TASK OBJECTIVE ->
Under this line are records; the part from the line containing "13048 80th Ave S, Seattle, WA 98178" through the line containing "Exploring POPPOPCANDY: The" should be repeated exactly. Please exclude pictures.

━━━━━ MATERIAL PROVIDED ━━━━━

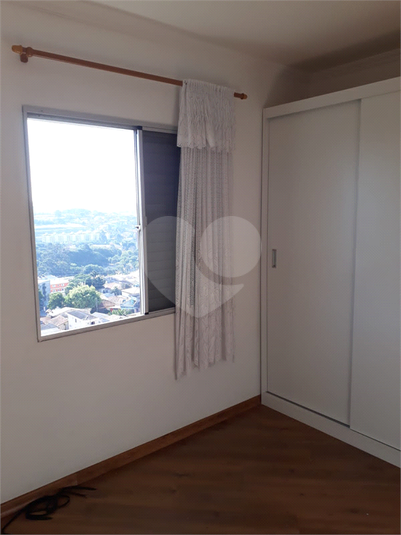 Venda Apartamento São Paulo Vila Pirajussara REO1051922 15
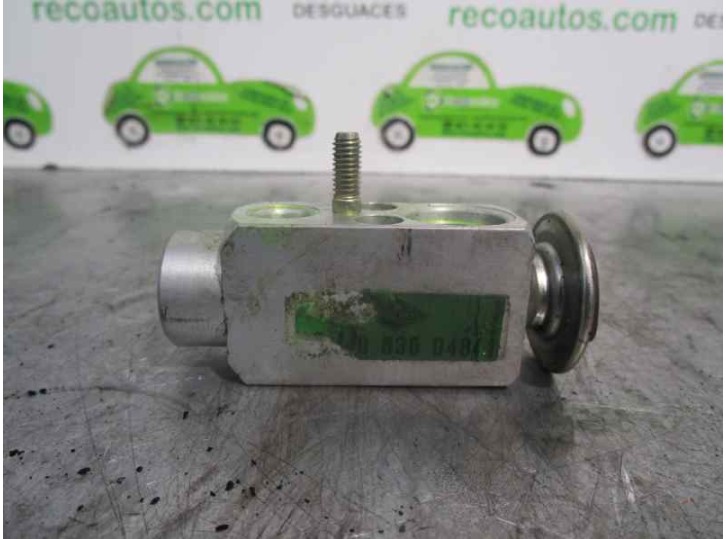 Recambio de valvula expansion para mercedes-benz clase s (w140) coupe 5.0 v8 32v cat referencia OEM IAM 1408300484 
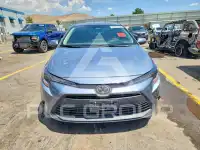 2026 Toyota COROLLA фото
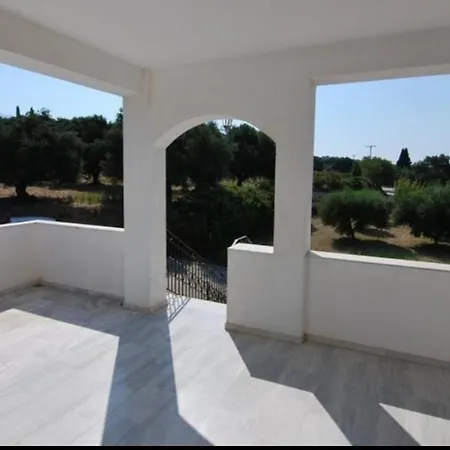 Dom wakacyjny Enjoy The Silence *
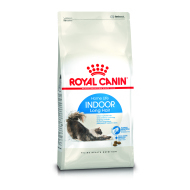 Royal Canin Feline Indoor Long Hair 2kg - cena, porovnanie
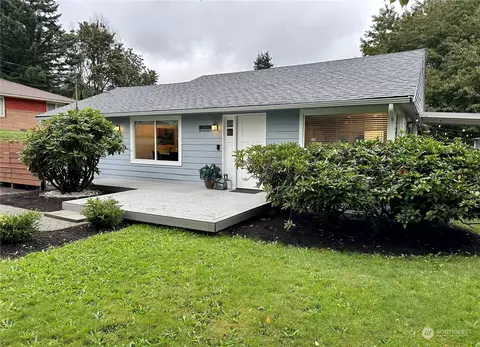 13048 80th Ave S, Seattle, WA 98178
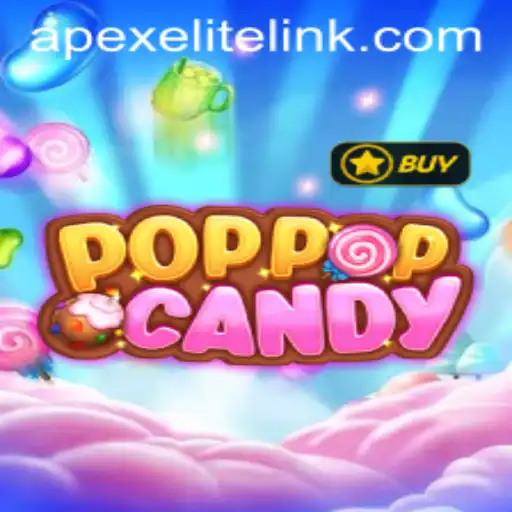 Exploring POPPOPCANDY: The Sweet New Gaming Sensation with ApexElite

━━━━━
━━━━━ MATERIAL PROVIDED ━━━━━

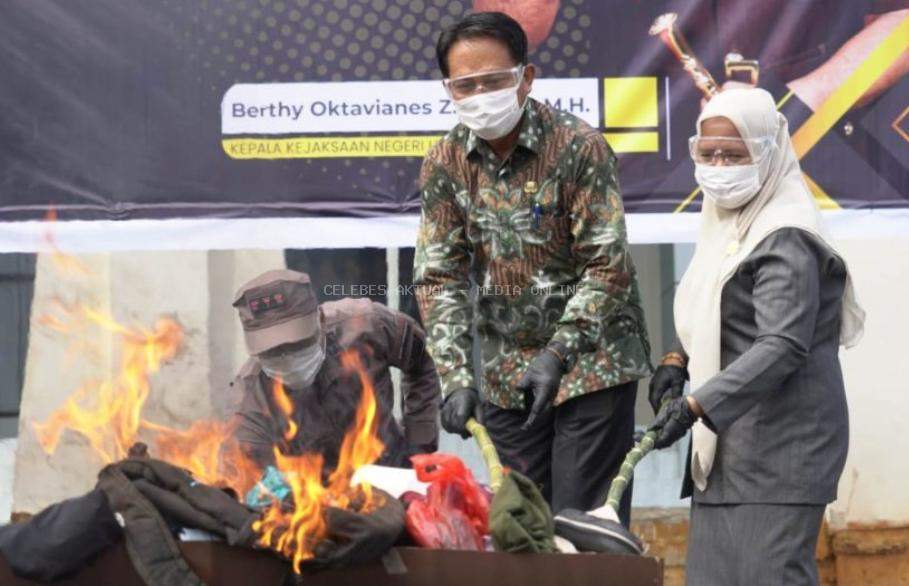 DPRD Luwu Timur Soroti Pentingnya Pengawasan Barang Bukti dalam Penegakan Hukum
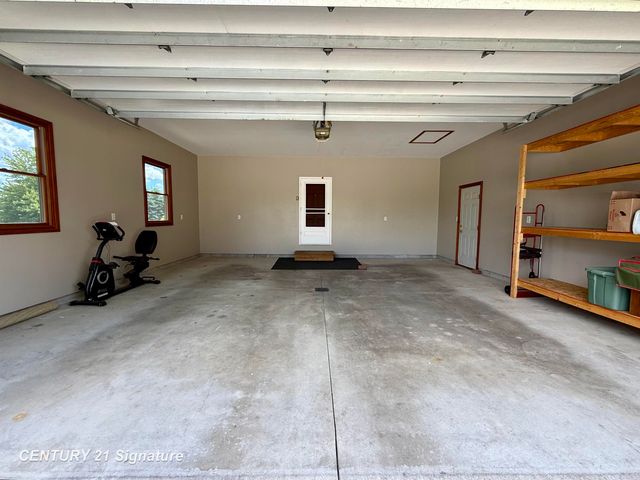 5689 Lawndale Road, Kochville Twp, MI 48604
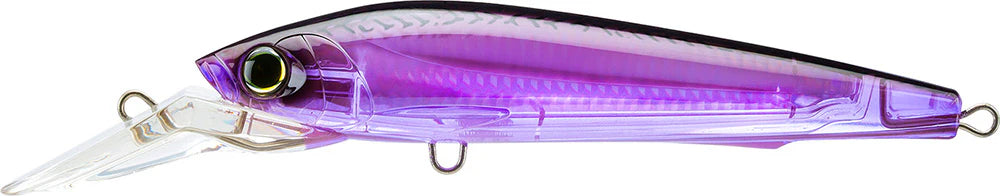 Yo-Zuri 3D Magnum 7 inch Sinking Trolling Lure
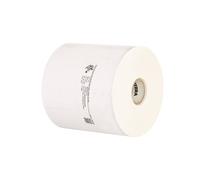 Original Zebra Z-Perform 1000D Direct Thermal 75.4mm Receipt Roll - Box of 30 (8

━━━━━
━━━━━ MATERIAL PROVIDED ━━━━━

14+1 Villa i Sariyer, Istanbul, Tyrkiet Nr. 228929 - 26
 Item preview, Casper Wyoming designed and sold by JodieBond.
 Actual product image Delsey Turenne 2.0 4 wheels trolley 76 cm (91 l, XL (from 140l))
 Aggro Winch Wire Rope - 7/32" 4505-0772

━━━━━

TASK ANSWER ->
 13048 80th Ave S, Seattle, WA 98178
 Exploring POPPOPCANDY: The Sweet New Gaming Sensation with ApexElite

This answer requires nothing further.